In fairness Watts recovered to continue his tormenting and it was from his cross in the 63rd minute that Rook converted to draw the Angels level. Tonbridge were now the team calling the tune and going into time added on had an effort cleared off the line to deny them another famous victory at Kingsmeadow.

It was unfortunate that Jon Main needed to be substituted midway through the second half with a suspected broken metatarsal. Good luck to him, his respect for the Tonbridge faithful after his goals is noted and well received.

First time at Kingsmeadow for a AFC Wimbledon game, but have been on a couple of occasions for Kingstonian fixtures. It is a functional rather than attractive stadium that is obviously good quality for Ryman Premier level and plans are in the pipeline for it to be improved in the coming months.

Wednesday, 23 January 2008

It was 50 years ago today

The old memory plays tricks and assumes the romantic. Actually there is nothing remotely romantic about one of my first recollections of childhood. I remember waiting on the path leading to my house on the 6th February 1958 for my Dad to return home from work. I had news, that most probably he had heard already, but I wanted to be the one to deliver the devastating lines. Why?
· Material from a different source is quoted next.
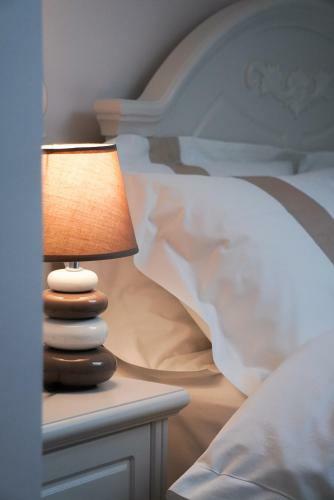 Bed & Breakfast La Maison Charentonneau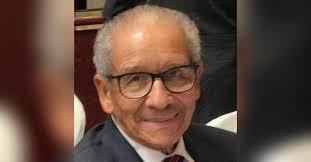 Deacon Paul Edgar Cooper Sr Obituary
I don’t know. “Dad, United are dead.”

Just days before, he had been witness to one of the greatest League games ever. He swears to this day that I was also present, but I’m afraid much though I would love it to be true, his memory is playing tricks. Manchester United had won a thriller at Highbury 5-4

The club had been returning from a European Cup match in Belgrade the night before that had ended in a 3-3 draw with United progressing 5-4 on aggregate. Such was air travel 50 years ago that the trip necessitated a fateful stop in snow-bound Munich for refuelling. A third take-off attempt was made after two aborted tries and ultimately slush build-up on the runway was given as the cause for the crash. Eight United players were among the 23 killed in the crash.

In 2008, Manchester United are a much different club to that of 50 years ago. They are the most successful, on and off the pitch, and this has engendered a much different attitude than the sympathy that surrounded them in 1958. These days there are very few grey areas between love and hate for Manchester United. Some of this is self-inflicted, much of the commercialisation of football that is not liked by the every day fan is laid at the door of United, they managed to alienate a section of their own support with the purchase of the club by the Glazers and then there is, of course, sheer jealousy of success.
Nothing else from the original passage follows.